Command Line Interface
PyPaimon provides a command-line interface (CLI) for interacting with Paimon catalogs and tables. The CLI allows you to read data from Paimon tables directly from the command line.
Installation
The CLI is installed automatically when you install PyPaimon:
pip install pypaimon
After installation, the paimon command will be available in your terminal.
Basic Usage
Before using the CLI, you need to create a catalog configuration file.
By default, the CLI looks for a paimon.yaml file in the current directory.
Create a paimon.yaml file with your catalog settings:
Filesystem Catalog:
metastore: filesystem
warehouse: /path/to/warehouse
REST Catalog:
metastore: rest
uri: http://localhost:8080
warehouse: catalog_name
Usage:
paimon [OPTIONS] COMMAND [ARGS]...
-c, --config PATH: Path to catalog configuration file (default:paimon.yaml)--help: Show help message and exit
Table Commands
Table Read
Read data from a Paimon table and display it in a tabular format.

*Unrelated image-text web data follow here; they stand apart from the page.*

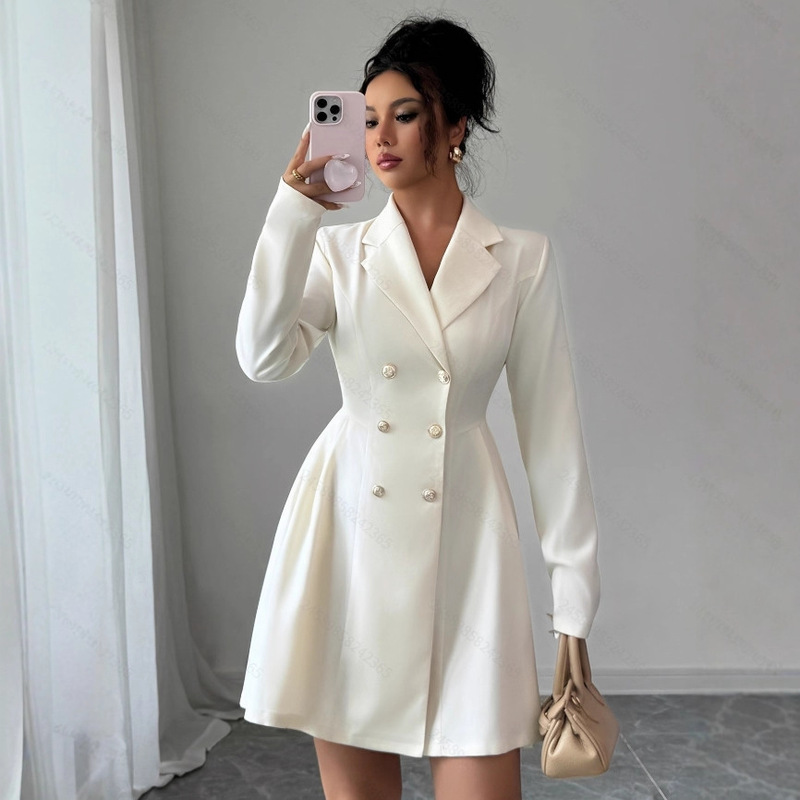 Autumn Women's Solid Color Dress, Casual and Elegant, Classic Style, Front Pocket, Double Breasted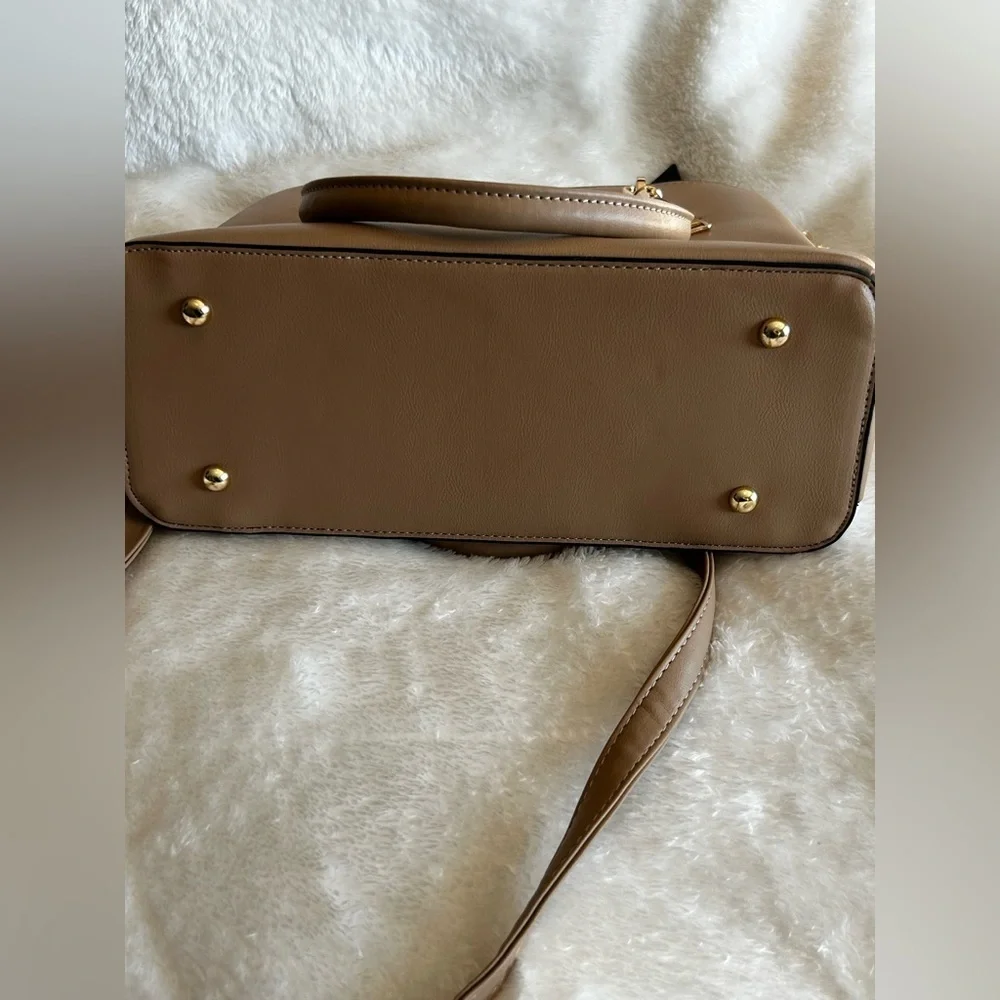 SiMYEER White And Tan Satchel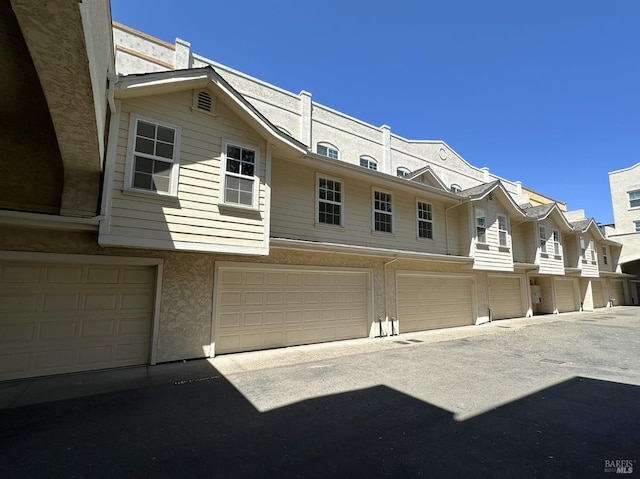 764 Mcclelland Dr, Windsor, CA 95492 - view of front of property with an attached garage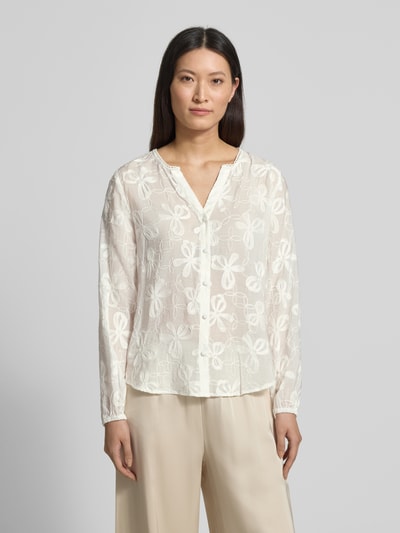 Vrouwenmodel draagt Bluse aus Viskose-Mix mit Knopfleiste Modell 'Randy' van FREE/QUENT, recht model, serafino-kraag, elastische mouwboorden, lichte crème kleur, bloemenstructuur, frontale volledige lichaamsweergave.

paimon table read mydb.users
Options:
--select, -s: Select specific columns to read (comma-separated)--where, -w: Filter condition in SQL-like syntax--limit, -l: Maximum number of results to display (default: 100)--format, -f: Output format:table(default) orjson
Examples:
# Read with limit
paimon table read mydb.users -l 50
# Read specific columns
paimon table read mydb.users -s id,name,age
# Filter with WHERE clause
paimon table read mydb.users --where "age > 18"
# Combine select, where, and limit
paimon table read mydb.users -s id,name -w "age >= 20 AND city = 'Beijing'" -l 50
# Output as JSON (for programmatic use)
paimon table read mydb.users --format json
WHERE Operators
The --where option supports SQL-like filter expressions:
| Operator | Example |
|---|---|
=, !=, <> | name = 'Alice' |
<, <=, >, >= | age > 18 |
IS NULL, IS NOT NULL | deleted_at IS NULL |
IN (...), NOT IN (...) | status IN ('active', 'pending') |
BETWEEN ... AND ... | age BETWEEN 20 AND 30 |
LIKE | name LIKE 'A%' |
Multiple conditions can be combined with AND and OR (AND has higher precedence). Parentheses are supported for grouping:
# AND condition
paimon table read mydb.users -w "age >= 20 AND age <= 30"
# OR condition
paimon table read mydb.users -w "city = 'Beijing' OR city = 'Shanghai'"
# Parenthesized grouping
paimon table read mydb.users -w "(age > 18 OR name = 'Bob') AND city = 'Beijing'"
# IN list
paimon table read mydb.users -w "city IN ('Beijing', 'Shanghai', 'Hangzhou')"
# BETWEEN
paimon table read mydb.users -w "age BETWEEN 25 AND 35"
# LIKE pattern
paimon table read mydb.users -w "name LIKE 'A%'"
# IS NULL / IS NOT NULL
paimon table read mydb.users -w "email IS NOT NULL"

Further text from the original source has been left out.